Nick Lyall of Wicked Problems Initiative (WPI) interviewed Bizgees Co-founder Zufi Deo to discuss what Bizgees does and what we are trying to accomplish. WPI is an organization aiming to tackle the problem of forced migration and refugee crises. They are an all-encompassing hybrid of think tank, incubator, and consultancy which is determined to use interdisciplinary research and knowledge to facilitate and empower social enterprises such as Bizgees.
This is an updated summary of the interview was edited by Layz Reyent & Zufi Deo - www.bizgees.org
Q: Okay, so to start with, I'd like you if you're happy to, to describe BizGees, anything that's not already on your website. Specifically, focusing on the problem you're trying to solve. How does Bizgees address that problem or problems?
A: So Bizgees as a concept came out of UNICEF Fintech Jam for Good 2016. … We won the INFOSYS challenge for financial inclusion. The focus was to support vulnerable communities become financially included. Our team came up with a solution to support refugees to access funds to help them with their businesses.
We started off with refugee entrepreneurs inside UN camps. Just to give you some background, in Zaatari, Jordan, there are well over 3,000 micro businesses in operation today. Collectively, as an informal economy, it's well over 12 million pounds a month. So, within the UN Camp, they have a lot of restrictions they have to deal with. The point is, within that refugee camp, people are taking ownership of their own lives, they have a stipend from the UN every month. They've decided that they want to do more with their day than live off the money that the UN provided them with. They have a 1,001 different forms of economic activity going on there. We felt that if those entrepreneurs wanted to scale their businesses, they would find it very difficult to do without extra support. So, our initial solution was to support them by providing peer-to-peer micro loans using a mobile app.
Below: Image of a female entrepreneurs renting wedding dresses in a UN Refugee Camp.

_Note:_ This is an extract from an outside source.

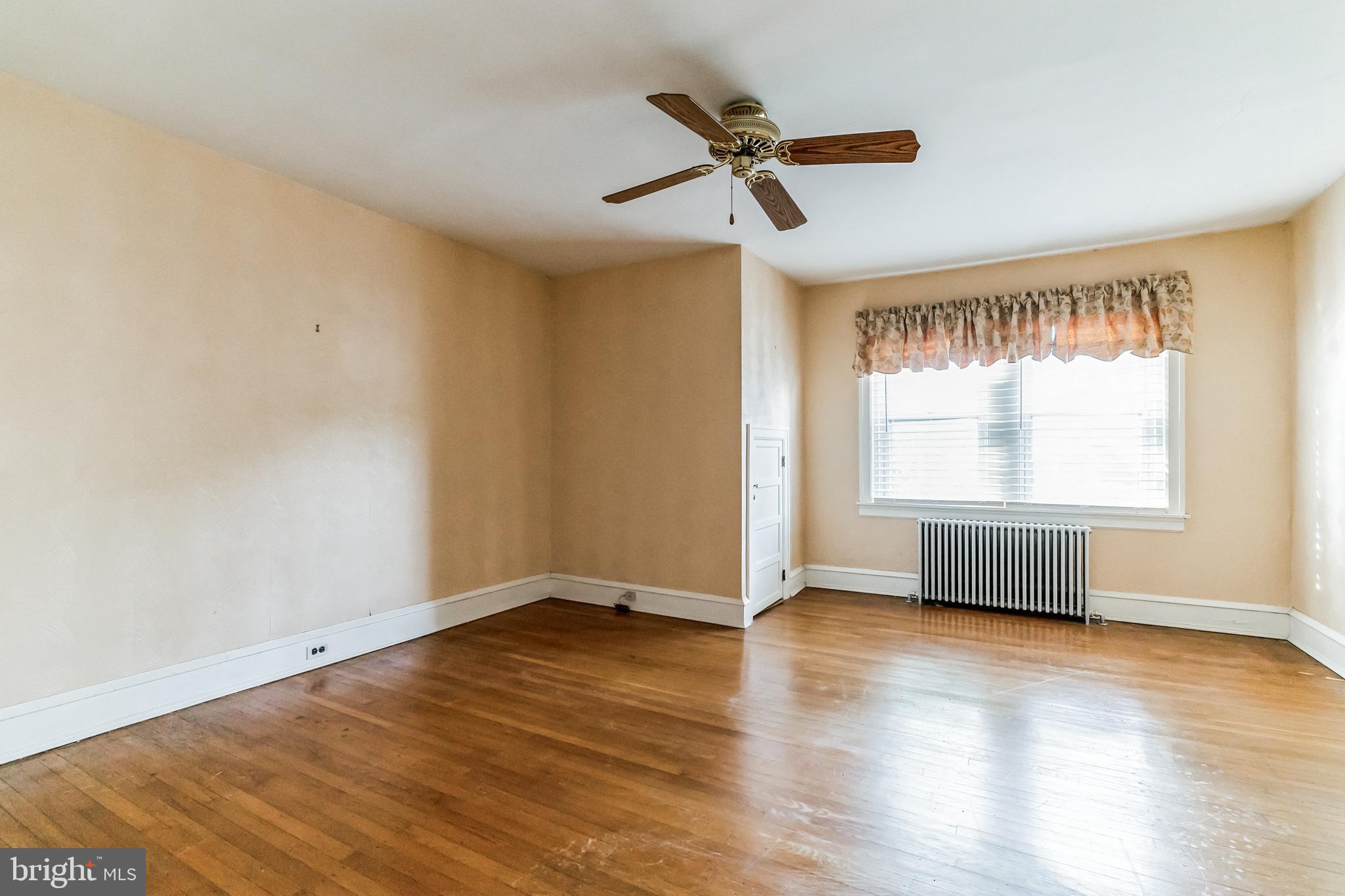 6439 Morris Park Road Philadelphia, PA 19151 - Photo 17 of 29 Main Bedroom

We, then, pivoted away from Jordan to Uganda. In Uganda, refugees have the right to work. They are processed very quickly - usually two weeks. The state has a very progressive approach with accommodating refugees. We custom designed a revenue based financing micro loan with our local delivery partners - WSV.global. Our test micro loan has set up 2 micro businesses supporting 4 refugee women access training, inventory and business mentoring to set up in business. We have since also added another post conflict region - Swat Valley - to our portfolio of communities Here we support a local artisan community rebuild their lives and access the global marketplace using trade finance.

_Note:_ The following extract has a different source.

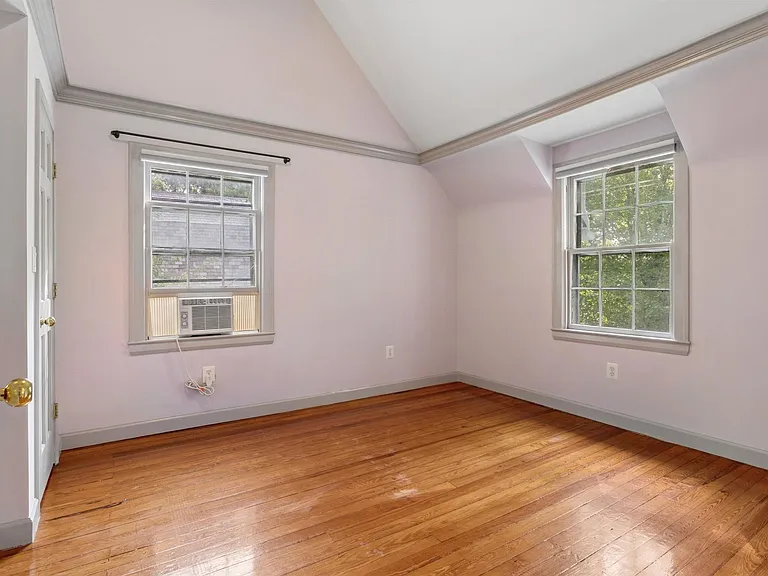 85 Hopkins St — Photo 19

Over this time we have evolved a human needs framework to help us custom design financial services for the communities we work with. So, you could say we are humanising financial services and more importantly the Fintech space.
Q: Brilliant, thanks very much for sharing that. And so, the next question is, and I realize you touched on aspects of this already, but what do you believe is the core value that Bizgees creates, for both your ‘customers and clients’ and also for the region or society? Specifically, if this value can be expressed in terms of specific outcomes you're achieving? So, if you're tracking your outcomes, is it possible for you to potentially share that data with WPI?

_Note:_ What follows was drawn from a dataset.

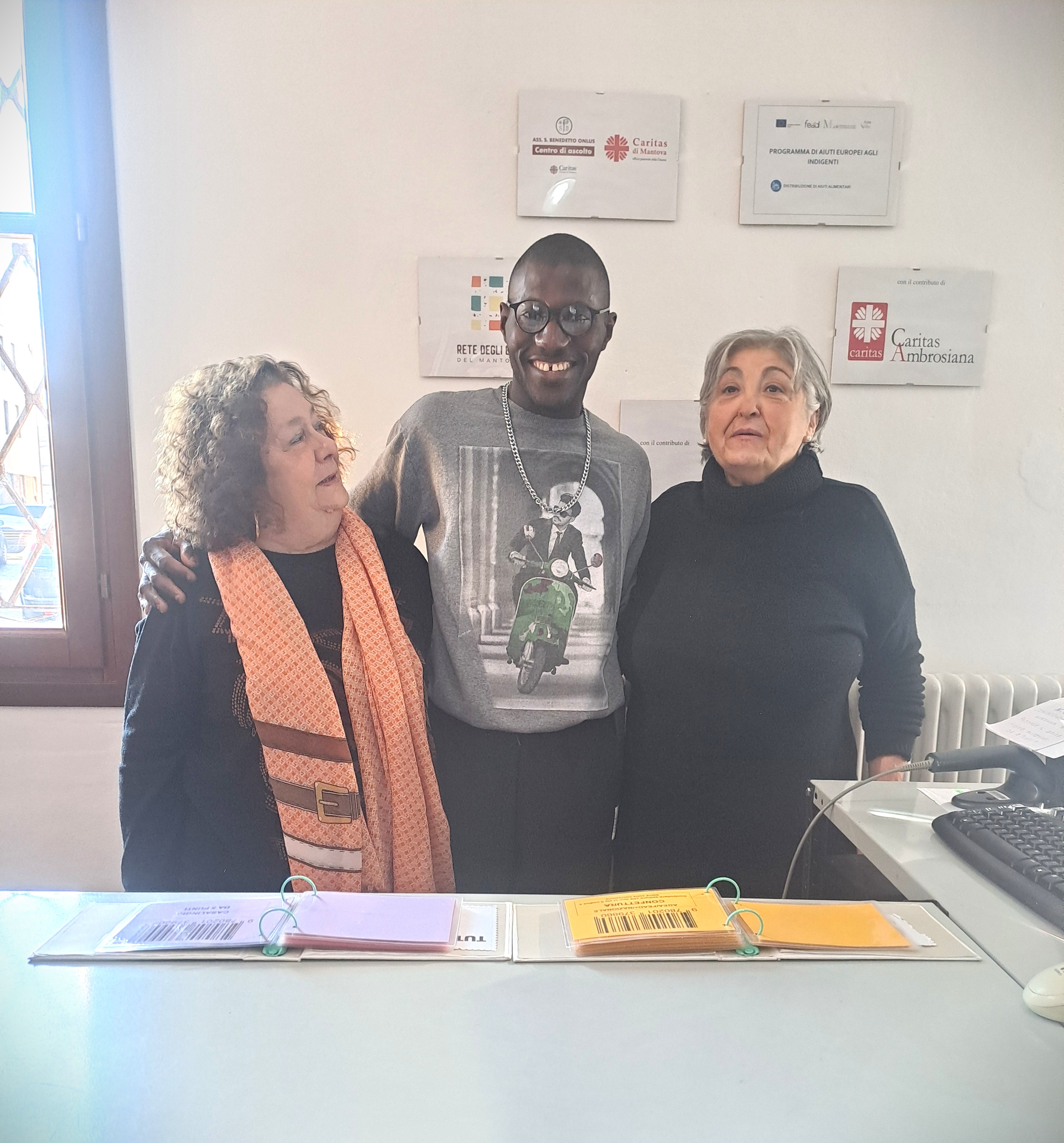 Il tirocinio di Aliu a distribuire alimenti alla Caritas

A: Sure, we can break this down by stakeholders . One stakeholder is the refugee community in northern Pakistan, the Swat Valley. Their focus is on the women, artisans, who want to earn a living, but they can't leave their home, or they have other cultural constraints on being economically active, basically. We work with them to support them in working with designers in this part of the world. The outcome is women have access to work, and it is paid work that pays above the going rate. This isn't a poverty reduction program. This is a heritage preservation program. They have a high-end expertise in artisanship. Embroidery from that region, top-end embroidery, has a really strong global reputation that's been dying out over the years. We're trying to bring that back, trying to resurrect it. This way, it helps them with their identities and heritage as well, but also helps them earn a living, doing what they've done for centuries.
The second stakeholders are the refugees in Uganda, Cameroon, and Kenya. Through our delivery partners, we help them set up micro businesses. They receive training, inventory to set up their businesses, and business mentoring to set up successful micro businesses. This way, each of the refugees that passes through that process have training to be entrepreneurs. Even if their current businesses don't work, they still have the training, as entrepreneurs, and have the experience of what it means to set up a business. They can set up a second one, a third one, and this lowers the risk of failure. So that's the second one.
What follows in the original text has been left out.